Description of the task
The pictures in the listing below are to be skipped, while the lines between the line holding "Hi, this is" and the line holding "Hi, it's Chester", inclusive, are to be output exactly.

Entries provided
◇ ◇ ◇ ◇ ◇

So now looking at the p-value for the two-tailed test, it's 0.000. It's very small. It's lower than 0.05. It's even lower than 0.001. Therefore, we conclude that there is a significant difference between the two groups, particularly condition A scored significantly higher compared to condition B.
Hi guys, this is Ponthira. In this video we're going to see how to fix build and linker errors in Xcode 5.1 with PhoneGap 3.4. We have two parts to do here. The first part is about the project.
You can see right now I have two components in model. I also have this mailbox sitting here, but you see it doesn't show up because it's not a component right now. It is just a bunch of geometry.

◇ ◇ ◇ ◇ ◇

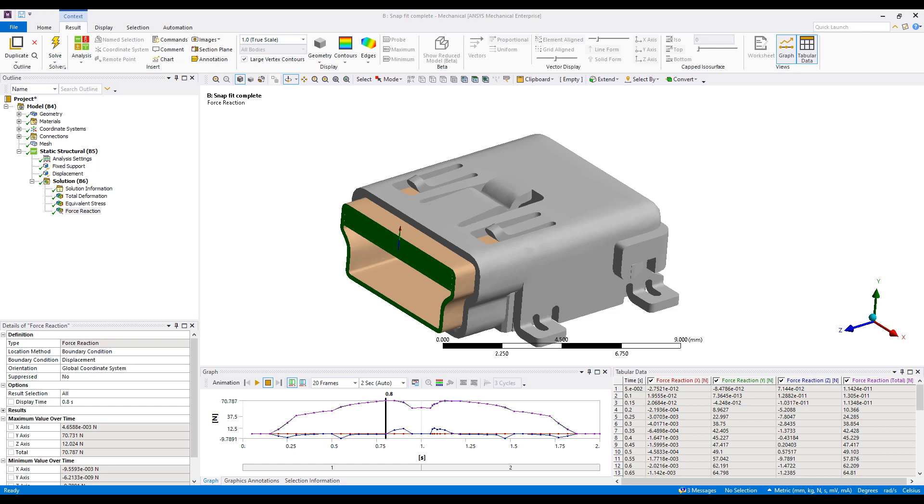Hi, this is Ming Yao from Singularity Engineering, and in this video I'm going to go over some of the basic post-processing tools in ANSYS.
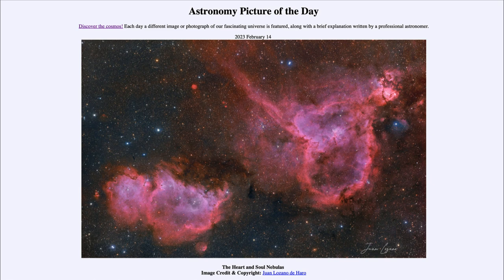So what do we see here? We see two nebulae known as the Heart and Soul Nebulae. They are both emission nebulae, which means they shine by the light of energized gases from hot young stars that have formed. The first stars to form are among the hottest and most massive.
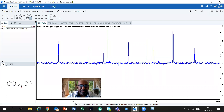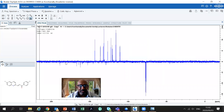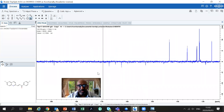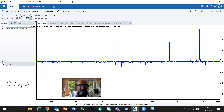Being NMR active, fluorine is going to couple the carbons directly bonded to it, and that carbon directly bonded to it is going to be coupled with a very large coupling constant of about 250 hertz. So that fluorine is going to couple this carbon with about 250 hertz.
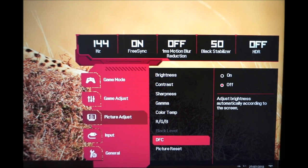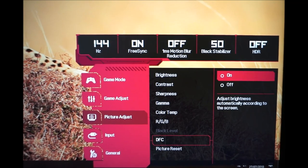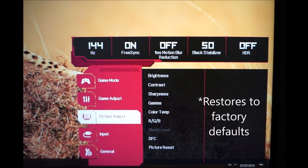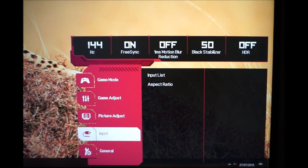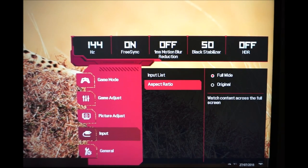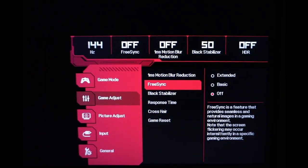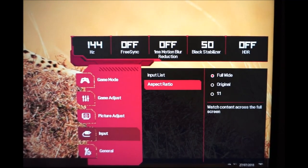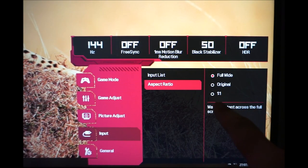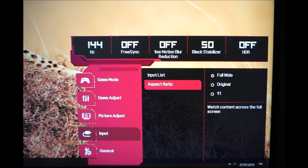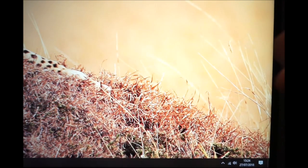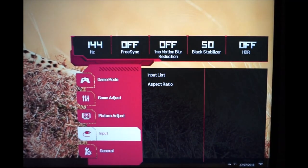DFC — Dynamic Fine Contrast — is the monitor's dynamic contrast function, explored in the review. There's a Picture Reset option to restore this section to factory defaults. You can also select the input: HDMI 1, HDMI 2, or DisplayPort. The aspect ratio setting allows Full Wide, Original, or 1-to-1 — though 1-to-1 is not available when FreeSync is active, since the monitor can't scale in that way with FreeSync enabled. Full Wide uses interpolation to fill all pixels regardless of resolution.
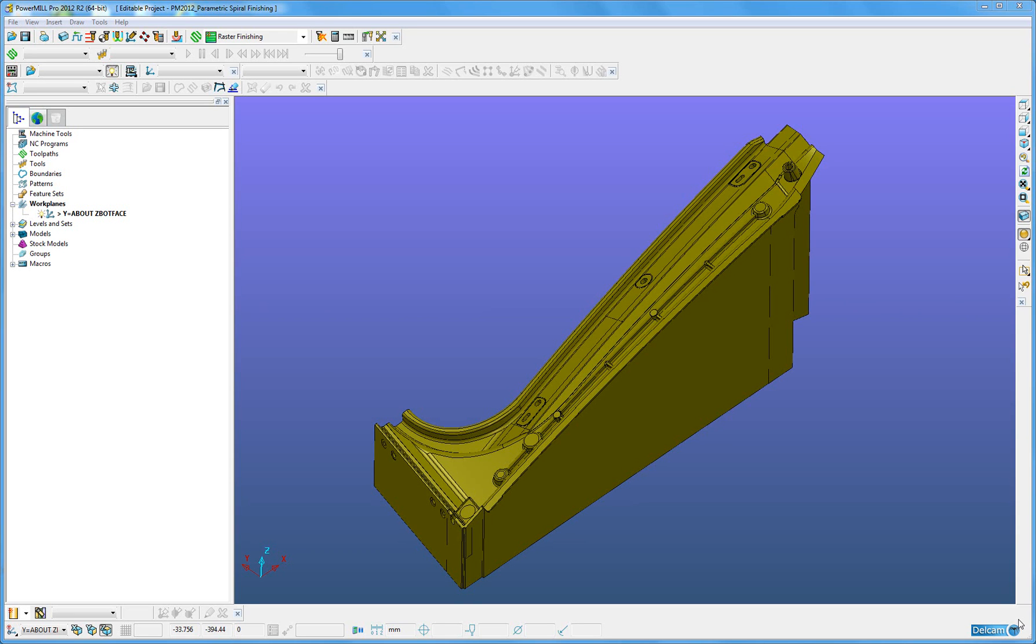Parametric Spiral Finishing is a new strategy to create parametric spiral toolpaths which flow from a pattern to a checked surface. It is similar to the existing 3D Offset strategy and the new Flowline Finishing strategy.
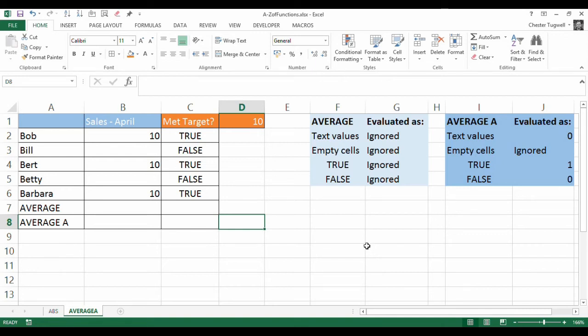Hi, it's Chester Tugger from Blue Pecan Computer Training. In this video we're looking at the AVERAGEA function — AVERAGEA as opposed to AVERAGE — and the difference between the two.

◇ ◇ ◇ ◇ ◇

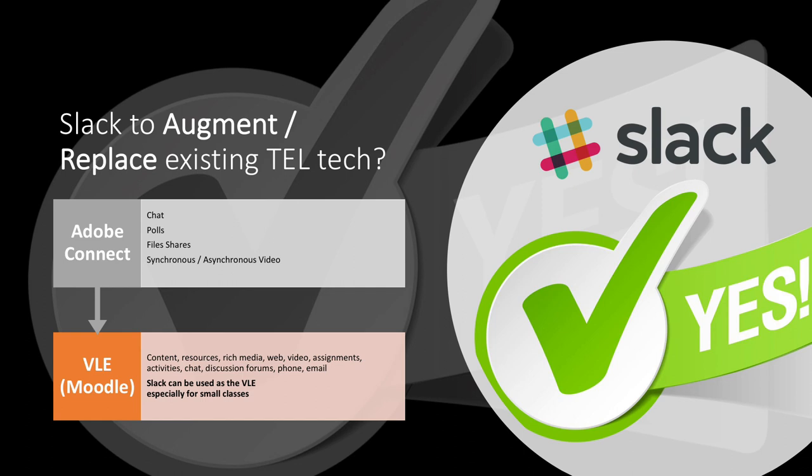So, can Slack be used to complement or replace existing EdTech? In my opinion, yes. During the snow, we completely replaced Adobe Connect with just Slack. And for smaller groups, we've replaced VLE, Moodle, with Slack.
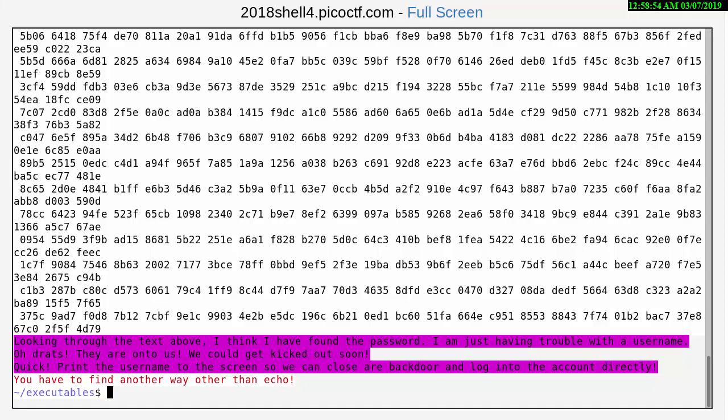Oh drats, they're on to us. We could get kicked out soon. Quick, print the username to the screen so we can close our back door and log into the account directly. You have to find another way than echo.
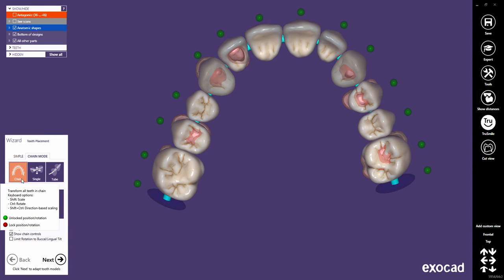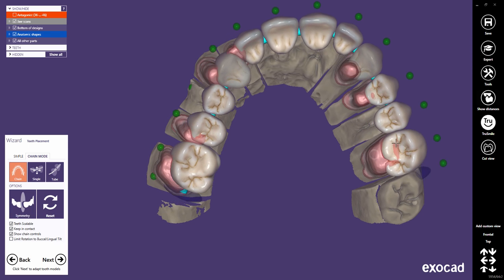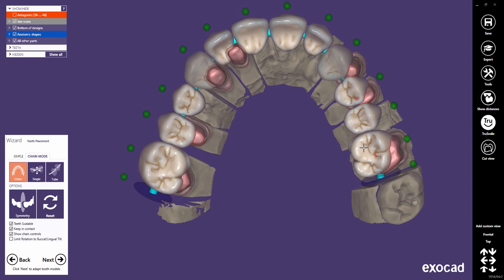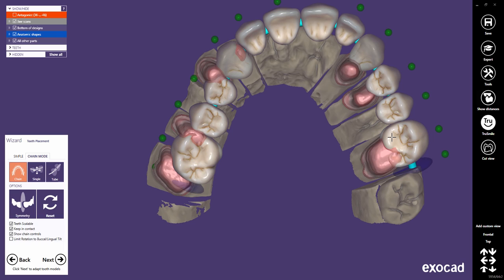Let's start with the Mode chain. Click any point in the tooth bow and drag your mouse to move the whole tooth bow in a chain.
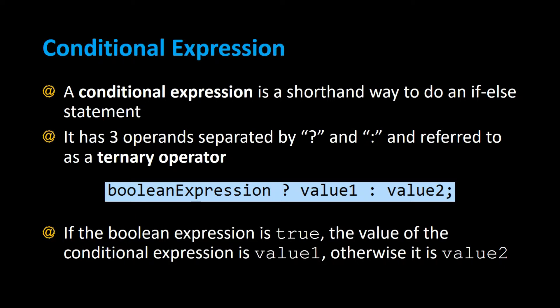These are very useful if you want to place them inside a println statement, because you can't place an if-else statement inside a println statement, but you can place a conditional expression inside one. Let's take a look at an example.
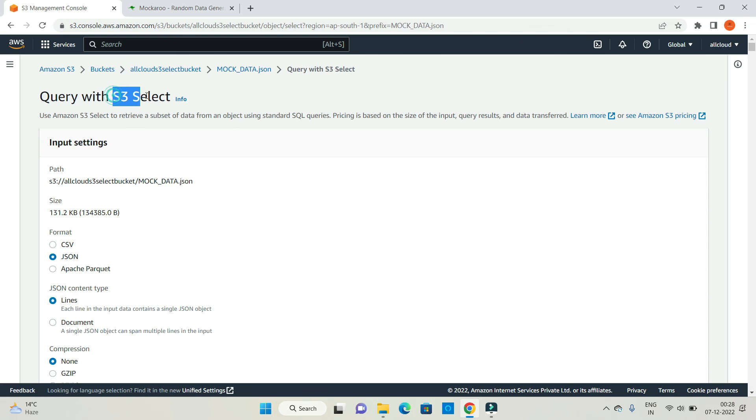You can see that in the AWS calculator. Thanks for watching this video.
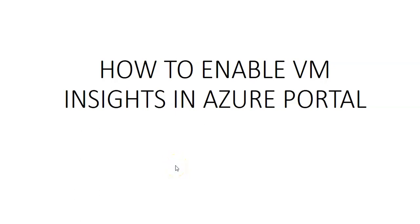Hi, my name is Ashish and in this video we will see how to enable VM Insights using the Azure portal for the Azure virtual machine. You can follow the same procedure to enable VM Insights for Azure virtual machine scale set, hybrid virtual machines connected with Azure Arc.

◇ ◇ ◇ ◇ ◇

Output for this task
Hi, this is Ming Yao from Singularity Engineering, and in this video I'm going to go over some of the basic post-processing tools in ANSYS.
So what do we see here? We see two nebulae known as the Heart and Soul Nebulae. They are both emission nebulae, which means they shine by the light of energized gases from hot young stars that have formed. The first stars to form are among the hottest and most massive.
Being NMR active, fluorine is going to couple the carbons directly bonded to it, and that carbon directly bonded to it is going to be coupled with a very large coupling constant of about 250 hertz. So that fluorine is going to couple this carbon with about 250 hertz.
DFC — Dynamic Fine Contrast — is the monitor's dynamic contrast function, explored in the review. There's a Picture Reset option to restore this section to factory defaults. You can also select the input: HDMI 1, HDMI 2, or DisplayPort. The aspect ratio setting allows Full Wide, Original, or 1-to-1 — though 1-to-1 is not available when FreeSync is active, since the monitor can't scale in that way with FreeSync enabled. Full Wide uses interpolation to fill all pixels regardless of resolution.
Parametric Spiral Finishing is a new strategy to create parametric spiral toolpaths which flow from a pattern to a checked surface. It is similar to the existing 3D Offset strategy and the new Flowline Finishing strategy.
Hi, it's Chester Tugger from Blue Pecan Computer Training. In this video we're looking at the AVERAGEA function — AVERAGEA as opposed to AVERAGE — and the difference between the two.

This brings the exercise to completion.